Ajax was standing at attention trying to keep his face straight as he pondered what unit he had ended up with this time. In his previous life — not the one where he shot himself with a bolt pistol — he had just been a kind of chubby nerd. He might have the body of a military man now, but he certainly did not have the conditioned mindset of a soldier.

“:cuss: it. Fake it till you make it, I guess. There’s really only one unit that comes to mind, but that makes no goddamn sense.”

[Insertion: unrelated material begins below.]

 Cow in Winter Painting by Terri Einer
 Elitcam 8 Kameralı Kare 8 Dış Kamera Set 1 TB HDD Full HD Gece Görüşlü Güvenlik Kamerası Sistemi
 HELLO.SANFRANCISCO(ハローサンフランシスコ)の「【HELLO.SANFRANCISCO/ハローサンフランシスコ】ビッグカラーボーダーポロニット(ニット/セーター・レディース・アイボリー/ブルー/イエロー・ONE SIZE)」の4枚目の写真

Staring off into the distance, Ajax was perplexed by the contradicting assumptions he had made from his two separate lives in this universe. He also had to try not to crack up at his own confusion. He was still trying to make logical sense of a situation where he had been reincarnated into what he had previously believed to be a fictional universe. Normal logic had died with his first death. His second death — and his first and second rebirths — were just teabagging its corpse at this point.

That made the tally: three lives, two deaths, two rebirths, and zero damn explanations.

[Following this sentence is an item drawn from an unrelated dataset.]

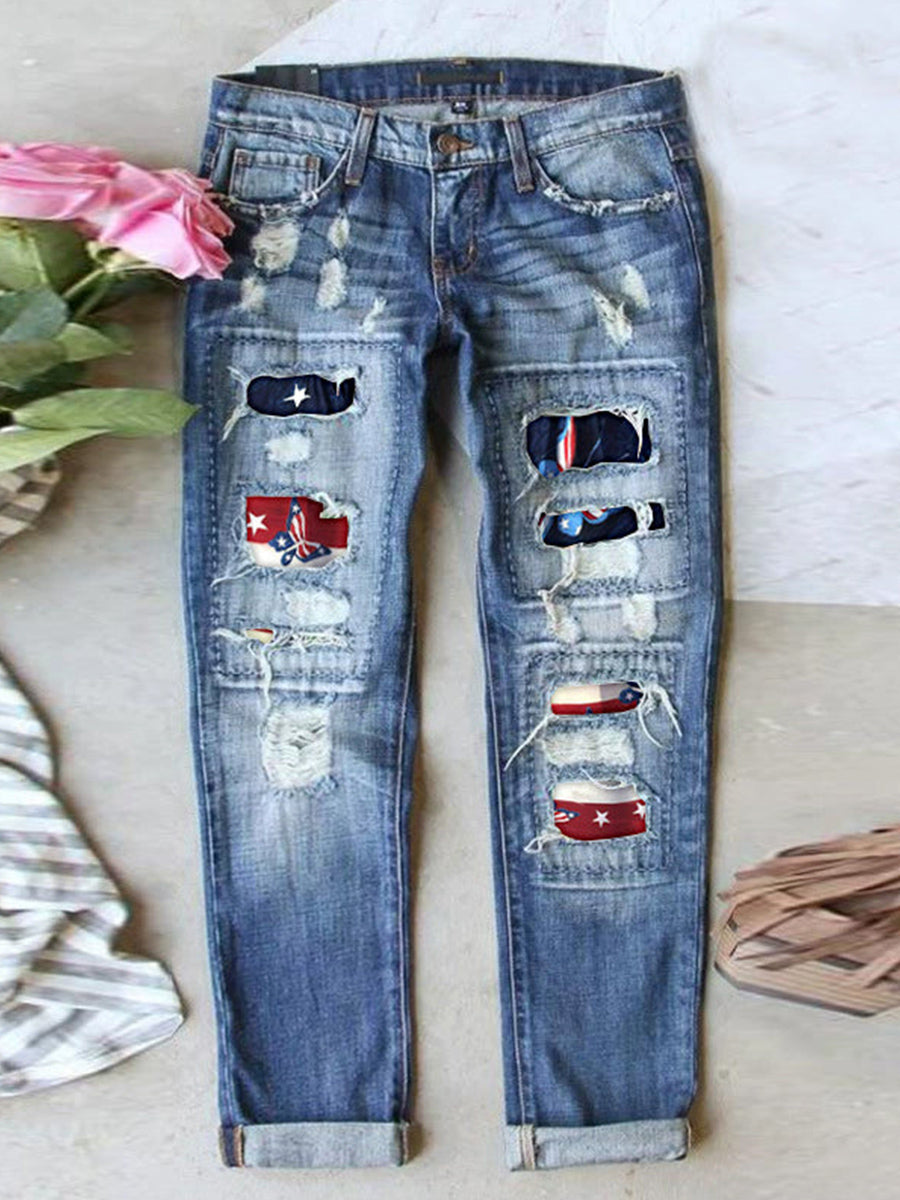 Stretch Ripped Frayed Raw Hem Distressed Jeans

“Attention!” called out a loud, ringing voice.

In sync, the long line of troops and officers saluted with the Fist of Unification, striking their chests above their hearts with closed fists. Ajax had guessed correctly and performed the correct gesture — not the Sign of the Aquila, which would have been appropriate in the modern timeline of 40k.

“I guess I am gonna have to start calling myself a time traveler as well as a reincarnator, because I am in the goddamn Great Crusade!”

Ajax let a small smile creep to the corners of his mouth. He realized all hope wasn’t lost just yet.

 

I look forward to hearing your opinions and critiques. Hopefully, you've enjoyed reading thus far.

Edited by ClumsyQuill

Here is the third chapter of Oh God, I Woke Up in Warhammer 40k:

 

“This must be the Geno Five-Two Chiliad. The trooper called me ‘hetman,’ which, if I remember correctly, should be the rank designation given to company-level officers brought into the Chiliad to lead their gene-bred troops. He also said I didn’t want to look bad in front of the ‘Uxor,’ which should be their female tactician class — minor psykers. Technically, this is not an Imperial Guard regiment. It’s one of the Old Hundred — the one hundred regiments that battled alongside the Emperor in his Unification of Terra. They belong to the Excertus Imperialis, which was the Imperial Army during the Great Crusade. The army was only formally split into the Imperial Guard and the Imperial Navy later on.”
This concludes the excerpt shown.